Dear Vegans, stop eating like a cow!

Three simple changes that will help your new ‘vegan’ lifestyles.

For Indians, the term ‘vegan’ is new. While vegetarianism has been there in India forever, veganism seems to be a Western concept. Vegans are like Indian vegetarians but they do not consume any animal products, not just living creatures. This means they avoid dairy products, honey, eggs, fur clothing, and even leather products. (No, I am not implying that Westerners eat fur or leather.) In his book My Experiments With Truth, MK Gandhi also expressed his frustration with being unable to avoid diary products.

Recently, I saw a video of an American woman making ‘chili’ using her mother’s ‘secret recipe’. (I wanted to know what Johnny Bravo meant by chili, which is different from chilli.) Throughout the entire video, she used took one ingredient after another from a store-bought sealed package or bottle. Everything seems to be packaged in the West. Not one item seemed to have come whole from a vegetable store.

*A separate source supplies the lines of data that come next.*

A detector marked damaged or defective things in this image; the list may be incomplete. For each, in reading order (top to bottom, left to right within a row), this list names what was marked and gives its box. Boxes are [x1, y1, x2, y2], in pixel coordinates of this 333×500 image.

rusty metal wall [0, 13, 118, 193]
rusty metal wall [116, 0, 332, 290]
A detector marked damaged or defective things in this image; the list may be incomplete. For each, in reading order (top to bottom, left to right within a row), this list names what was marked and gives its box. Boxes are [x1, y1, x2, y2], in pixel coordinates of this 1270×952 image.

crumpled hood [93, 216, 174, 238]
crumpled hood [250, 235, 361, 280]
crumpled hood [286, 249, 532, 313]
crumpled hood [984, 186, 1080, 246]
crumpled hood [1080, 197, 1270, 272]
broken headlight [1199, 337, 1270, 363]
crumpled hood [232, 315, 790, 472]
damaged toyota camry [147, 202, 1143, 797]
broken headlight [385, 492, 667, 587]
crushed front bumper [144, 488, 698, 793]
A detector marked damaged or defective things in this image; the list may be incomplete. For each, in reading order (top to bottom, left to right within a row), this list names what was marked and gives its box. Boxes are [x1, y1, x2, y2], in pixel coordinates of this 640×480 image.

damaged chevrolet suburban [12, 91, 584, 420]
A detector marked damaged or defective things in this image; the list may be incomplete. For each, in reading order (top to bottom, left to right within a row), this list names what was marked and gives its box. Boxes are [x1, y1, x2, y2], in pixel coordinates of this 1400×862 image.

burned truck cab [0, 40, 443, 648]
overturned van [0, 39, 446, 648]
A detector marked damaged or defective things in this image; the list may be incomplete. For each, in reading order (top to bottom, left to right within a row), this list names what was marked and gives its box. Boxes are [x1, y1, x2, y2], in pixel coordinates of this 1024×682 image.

When vegans embark on a journey of animal-free diet, they repeat the same mistake as before – they continue to leave behind a trail of plastic packaging. This is wasteful and not making a difference to the environment. All their vegan meals lack one important item. Another mistake they make is to find alternatives for everything they used to eat. The worst among these is soy milk, taken in place of cow milk.

India has been vegetarian for millennia. Instead of re-inventing the wheel, Western vegans should learn Indian recipes. So, what are they doing wrong?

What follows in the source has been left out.